TASK TO COMPLETE →
Please print out the entries below unchanged and skip the images.

DATA TO EXAMINE →
************
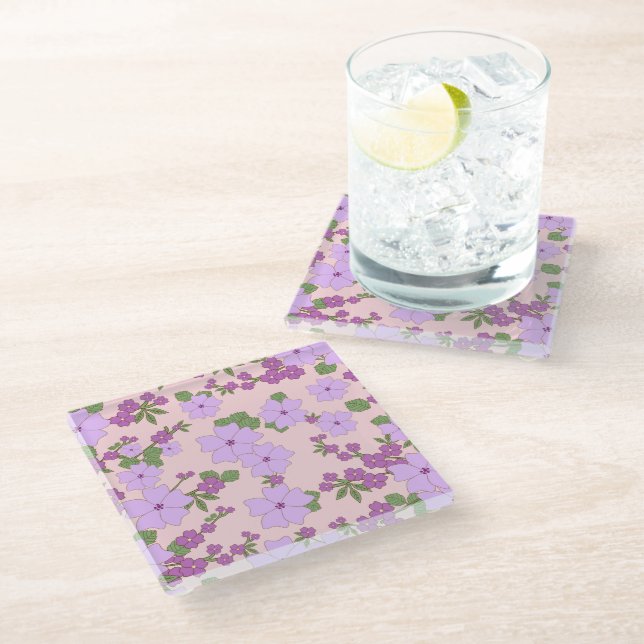 Posavasos De Vidrio Flores Púrpura, Patrón Floral, Patrón De Flores (Angular)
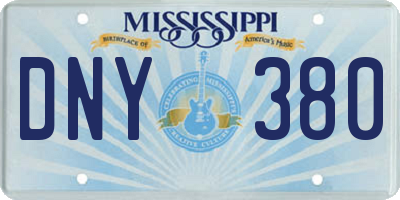 MS license plate DNY380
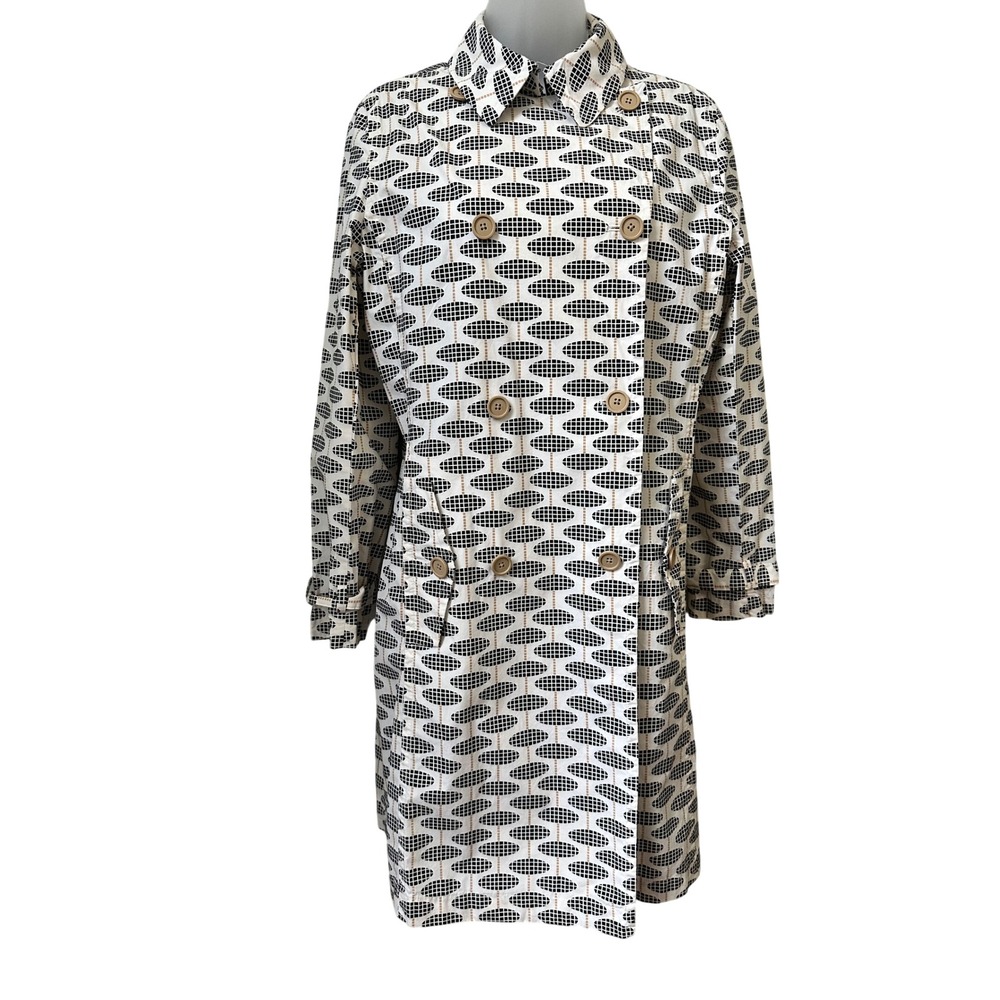 Gap Womens Geometric Print Trench Coat Black White Double Breasted Jacket Medium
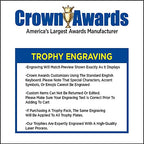Crown Awards 6" Large Mouth Bass Sculpture, Custom Resin Mascot Award with Personal Engraving Prime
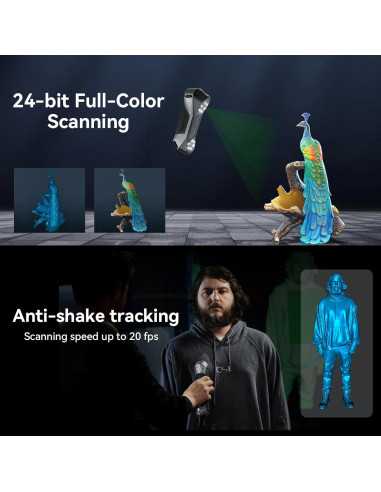 Escáner 3D Creality CR-Scan Raptor, Alta Precisión 0.02mm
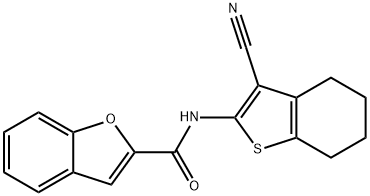 N-(3-cyano-4,5,6,7-tetrahydro-1-benzothien-2-yl)-1-benzofuran-2-carboxamide,340027-97-6,结构式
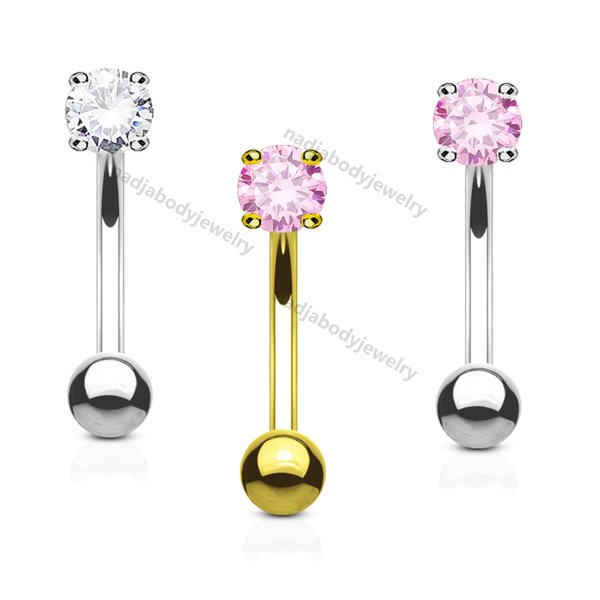 Eyebrow Ring Curved Barbell 14K Solid Gold with Prong Round Cubic Zirconia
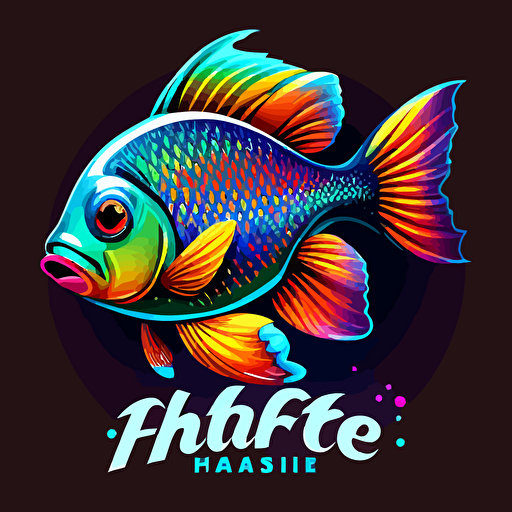 a mascot logo of a colorful rainbow fish, artist, artistic, creative, vector, pop art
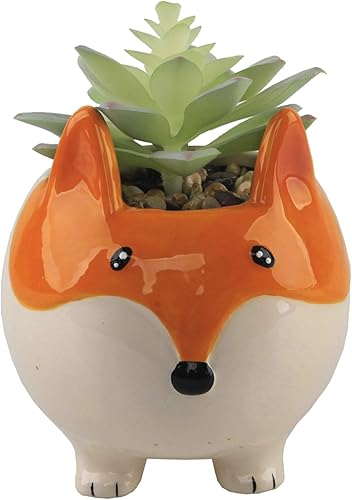 Miniatura 4 de Flora Bunda Maceta de cerámica para suculentas, de 4 pulgadas, diseño de animales pequeños, color marrón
************
ANSWER BOX →
 Posavasos De Vidrio Flores Púrpura, Patrón Floral, Patrón De Flores (Angular)
 MS license plate DNY380
 Gap Womens Geometric Print Trench Coat Black White Double Breasted Jacket Medium
Crown Awards 6" Large Mouth Bass Sculpture, Custom Resin Mascot Award with Personal Engraving Prime
 Escáner 3D Creality CR-Scan Raptor, Alta Precisión 0.02mm
 N-(3-cyano-4,5,6,7-tetrahydro-1-benzothien-2-yl)-1-benzofuran-2-carboxamide,340027-97-6,结构式
 Eyebrow Ring Curved Barbell 14K Solid Gold with Prong Round Cubic Zirconia
 a mascot logo of a colorful rainbow fish, artist, artistic, creative, vector, pop art
 Miniatura 4 de Flora Bunda Maceta de cerámica para suculentas, de 4 pulgadas, diseño de animales pequeños, color marrón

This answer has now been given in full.